# Export and Import Document schema from a processor (using spreadsheet).



## Disclaimer

This tool is not supported by the Google engineering team or product team. It is provided and supported on a best-effort basis by the DocAI Incubator Team. No guarantees of performance are implied. 


## Objective

This document Guides how to export a schema from a processor to a spreadsheet(.xlsx extension) and import a schema from a spreadsheet to a processor . This approach considers 3 level nesting as well.



## Prerequisites

* Vertex AI Notebook Or Colab (If using Colab, use authentication)
* Processor details to import the processor
* Permission For Google Storage and Vertex AI Notebook.

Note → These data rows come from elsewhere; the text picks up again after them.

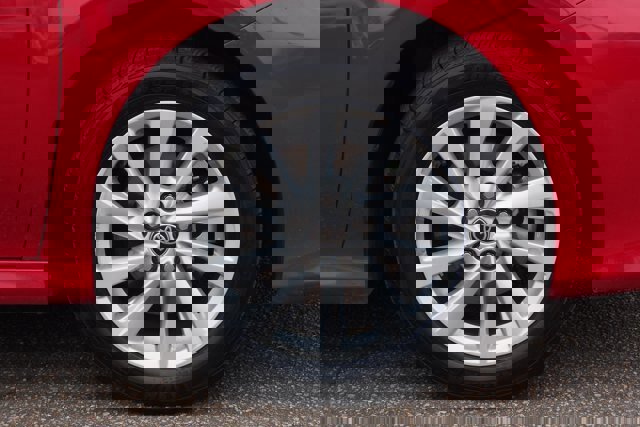 Used 2023 Toyota Camry LE image 9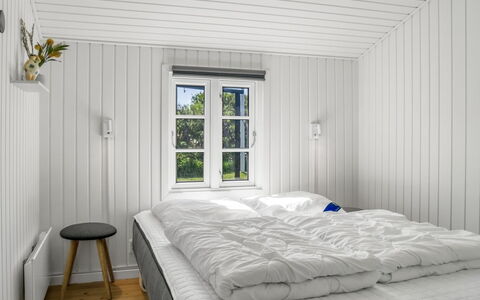 Wiebke - 200M from the Sea: Sommerhus, Hjem, Hus, Tag, Veranda, Estate, Sidespor, Garden Bygninger, Stuehus, Gård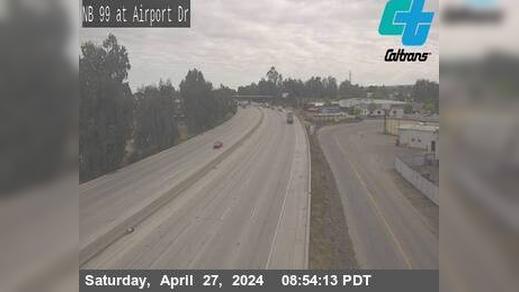 Traffic Cam Bakersfield › North: KER-99-AT AIRPORT DR Player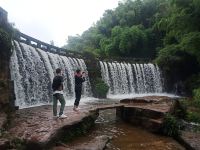 蜀南竹海和谐农家院 - 精致标间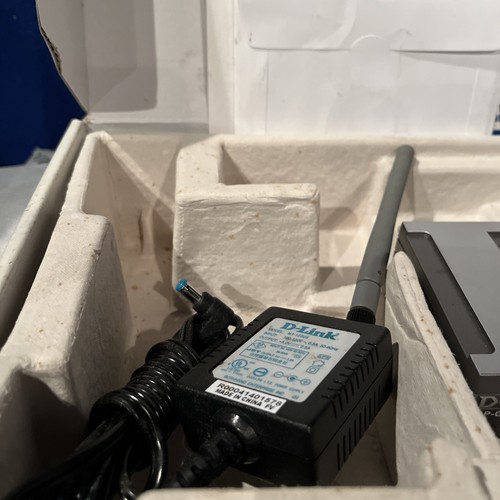 D-Link DP-G310 Wireless Print Server AirPlus G USB 54Mbps 802.11g - Picture 4 of 4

## 1. Exporting Document schema to a spreadsheet


#### Input
* `project_id`="xxxxxxxxxx" # Project ID of the project
* `location`="us" # location of the processor 
* `processor_id`="xxxxxxxxxxxxxxx" #Processor id of processor from which the schema has to be exported to spreadsheet

In [None]:
processor_name = f"projects/{project_id}/locations/{location}/processors/{processor_id}"
# get document schema
from google.cloud import documentai_v1beta3


def get_dataset_schema(processor_name):
    # Create a client
    client = documentai_v1beta3.DocumentServiceClient()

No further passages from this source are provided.